Me comentaba recientemente Rafael Porras, director del Centro Cultural San Hipólito, que este año dedicarán el eje central del curso a la temática de una cultura de reconciliación integral, que apueste por la restauración de la misma vida, que genere un nuevo marco de convivencia, desde la intuición que nuestro mundo necesita personas de todas las culturas y religiones para promover una cultura enraizada en la construcción de un mundo en paz. Y pienso, repasando la prensa de estos días y la crispación enorme que existe, que ese sería uno de los pilares de carga para que la humanidad avanzara. Vivimos en la cultura del conflicto, promoviendo escenarios de confrontación permanente en los que se ensalzan las diferencias, pero no desde el respeto ni desde la riqueza de la pluralidad, sino desde la condena. Sociedades que se ven abocadas a enfrentar conflictos que terminan en violencias de todo tipo. ¿Cómo transformar las actitudes que refuerzan estas prácticas y evitar que vuelvan a ocurrir?

Debemos volver a conciliar, a hacer compatible de nuevo al hombre con el planeta, ahora que la llegada del otoño de verdad nos invita a replegarnos en los surcos de la tierra mojada y el viento limpio, frente a una contaminación desbocada que nos envenena por tierra, mar y aire. Reconciliarnos para que los fantasmas del pasado no puedan con las esperanzas del futuro, ahora que tenemos tan presente el Valle de los Caídos. Avenirnos para que los intereses colectivos se antepongan a las afrentas de partidos políticos, cuando estamos en la campaña de unas elecciones generales en las que todo vale para marcar las diferencias. Reconciliarnos para que la convivencia ofrezca más calor y refugio que las llamas de las barricadas, alcanzando una armonía social en la que los sujetos tengan una elevada conciencia de la consecuencia de sus acciones, además de habilidades ciudadanas para el manejo de conflictos desde una perspectiva restauradora. Cultura que implique una pedagogía política en la que promover escenarios de encuentro para la discusión y la comprensión de la historia, difundir prácticas de inclusión, respeto, valoración y reencuentro como estrategias válidas para el fortalecimiento de la comunidad. Una sociedad con un tejido y un capital social débil se convierte en escenario propicio para que las actividades corrosivas como la inseguridad, el vandalismo, la corrupción, el clientelismo se preserven y elogien como instrumentos útiles para el desarrollo y la promoción social.

Reconciliación de sexos, para terminar de una vez con desigualdades y con esta espiral imparable de muertes violentas. Reconciliación de culturas y religiones para que desde el respeto a la alteridad, todos tengamos nuestro sitio. Reconciliación de familias y parejas rotas por el egoísmo narcisista y por la falta de comunicación que ayude a sanar tantas heridas.
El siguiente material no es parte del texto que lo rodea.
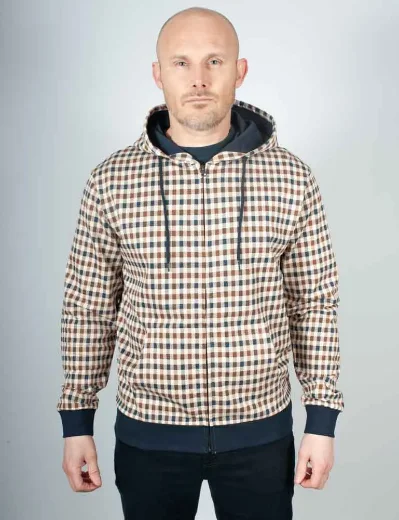 Aquascutum Active Iconic Club Check Zip Hoodie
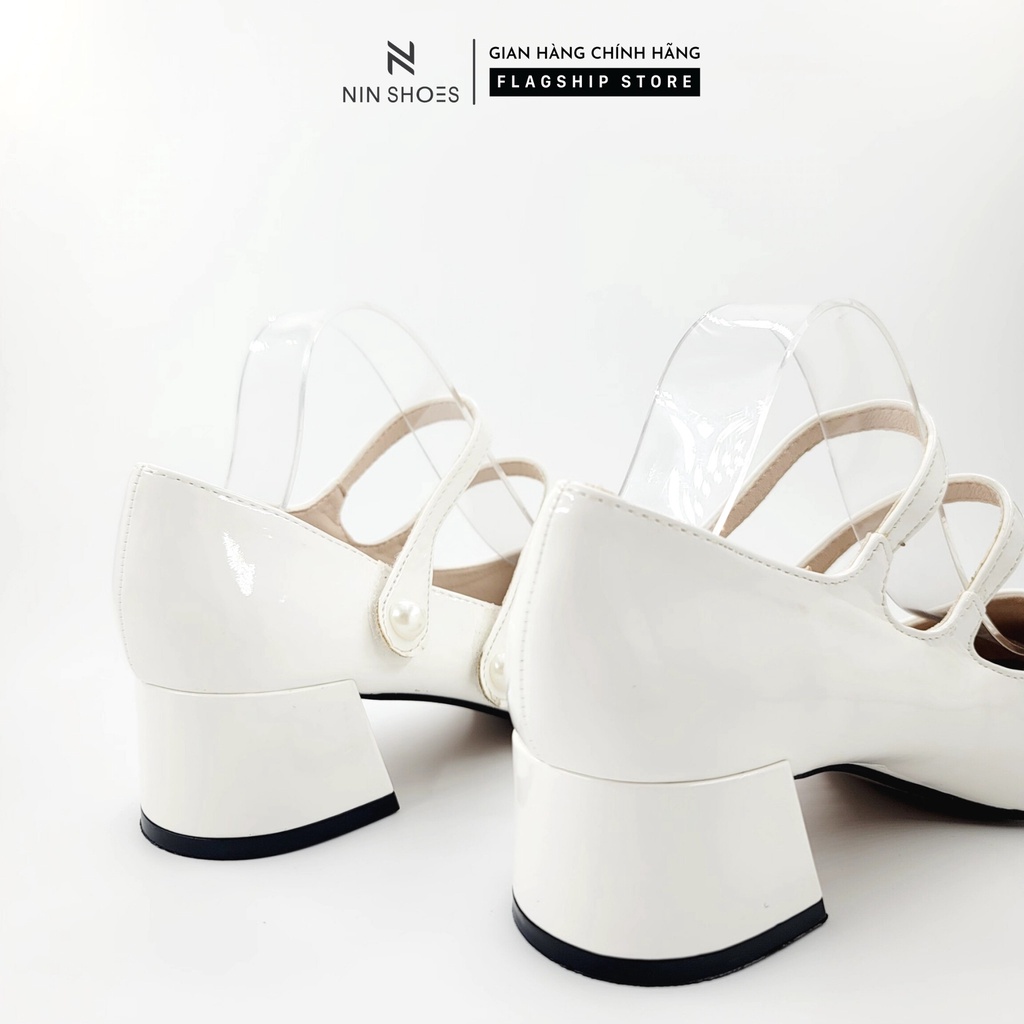 Giày cao gót Ninshoes 3 Phân đế vuông mũi tròn quai ngang đính ngọc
Reconciliación, en fin, con uno mismo, con la diferencia entre nuestros sueños y miserias, con la propia realidad que afrontamos cada día.

Trabajemos para que la reconciliación no sea un proyecto sino un proceso. Elijamos rastros de solidaridad, política, económica y ecológica, de modo que podamos contribuir a sanar este mundo dividido. Como escribe Eduardo Galeano «son cosas chiquitas: no acaban con la pobreza, no nos sacan del subdesarrollo, no socializan los medios de producción y de cambio. Pero quizá desencadenan la alegría de hacer y la traducen en actos. Y al fin y al cabo, actuar sobre la realidad y cambiarla, aunque sea un poquito, es la única manera de probar que la realidad es transformable».